Fed up with how much time and money went into making annual reports, Josh Kligman decided to create a solution to help nonprofits streamline and cut costs. He co-founded Yearly, a SaaS platform that allows nonprofits to digitally host annual, impact, board and event recap reports for a small subscription fee.
“Nonprofit budgets are tight but even when the economy bounces back, there is no reason to spend $500 or $5,000 on printing when 99 percent of their donor base would be fine with, and appreciate, an annual report that lives on a website,” Kligman, CEO of Yearly, told Built In via email. “From there, nonprofits can track metrics on their annual report within Yearly, such as unique views, and if they embed the report on their website, marketers can use Google Analytics to track time spent reading the report as well as other key metrics to show their return on their investment.”
“Nonprofits can track metrics on their annual report within Yearly, such as unique views, and if they embed the report on their website, marketers can use Google Analytics to track time spent reading the report as well as other key metrics to show their return on their investment.”
Since its launch in 2019, Yearly has grown from 15 customers to approximately 2,300, including some big names like the World Wide Fund for Nature, Teach for America and The Forbes Funds, among others.
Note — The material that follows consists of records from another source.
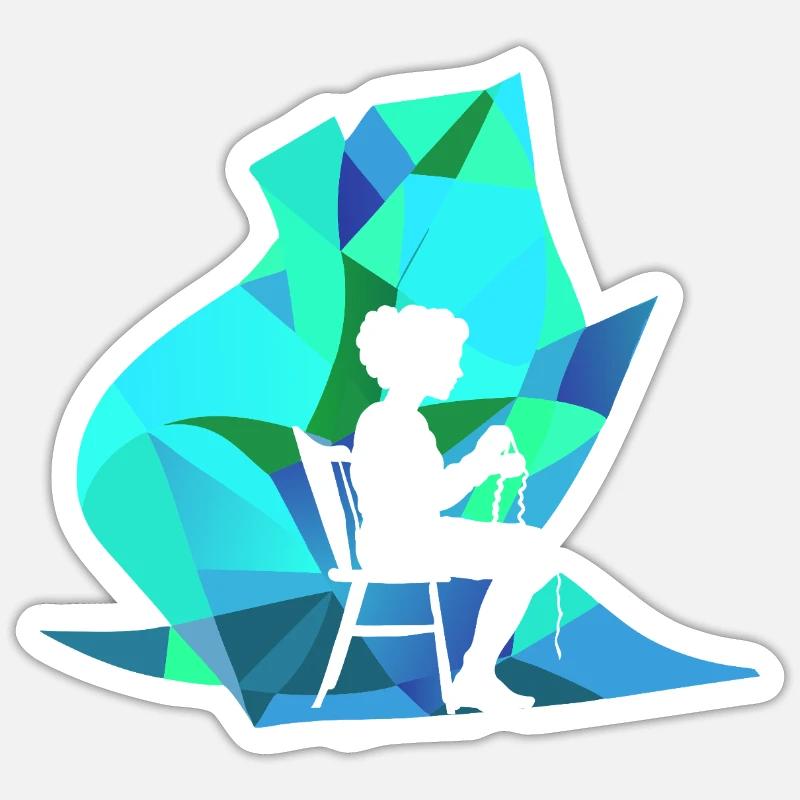 Stricken Pullover Haekeln Sticker Größe S (10 x 10 cm)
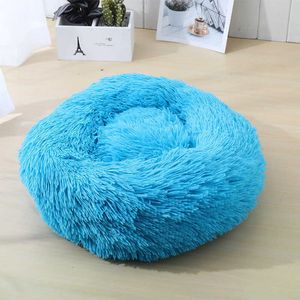 Rond Chat Lit Maison Doux Long En Peluche Panier Pet Sac De Couchage Chiot Chat Coussin Tapis Portable Fournitures Lit 210713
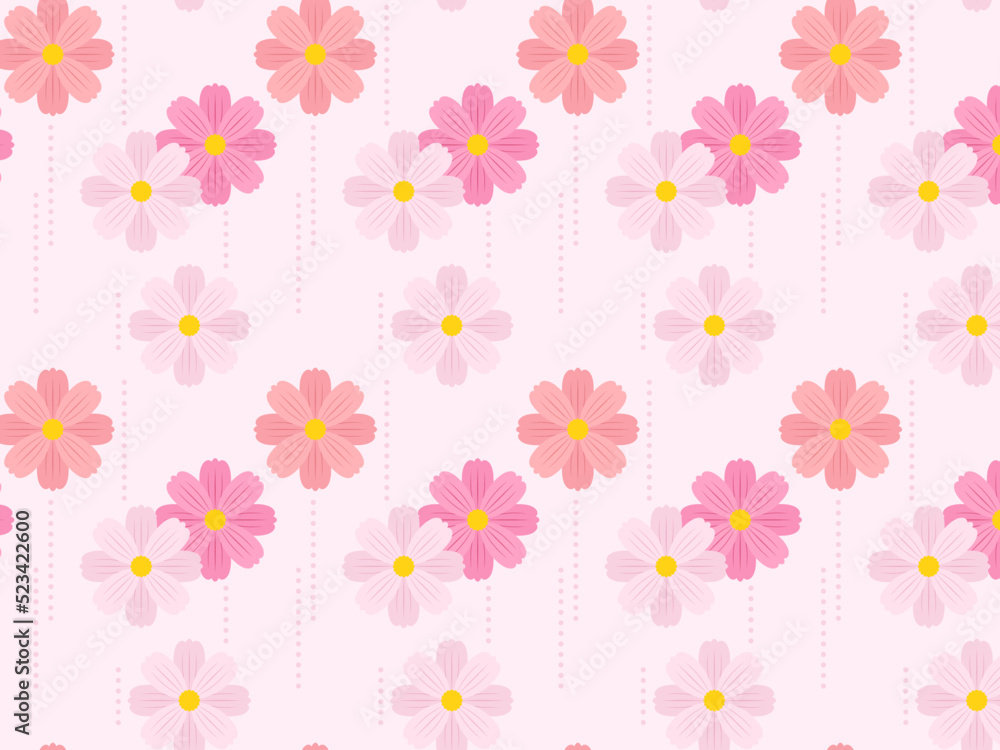 Obraz premium シームレスなパターン背景、ピンク色のかわいいコスモスの花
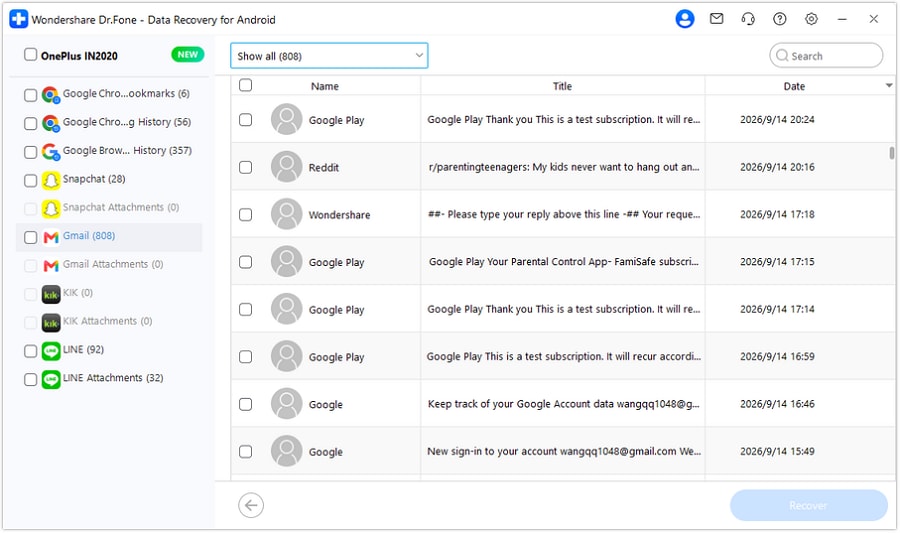 Preview Gmail data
That growth is due in part to Yearly’s clever strategy during the slump of 2020, when nonprofits were squeezed particularly tight because of the pandemic.
“When the pandemic came, there was no one answering the phone when we ran sales calls, so we didn’t even try. I wasn’t going to email nonprofits with bleeding budgets asking if they want to see a new technology tool at that time, either. So we gave it away for free. About 1,500 nonprofits signed up and many of them are still active users today,” Kligman said.
Yearly still offers a free trial and last year launched its subscription model, which starts at $75 a month. It hopes to continue growing its platform as well as its team. Currently, the company is looking for a product engineer with front-end experience.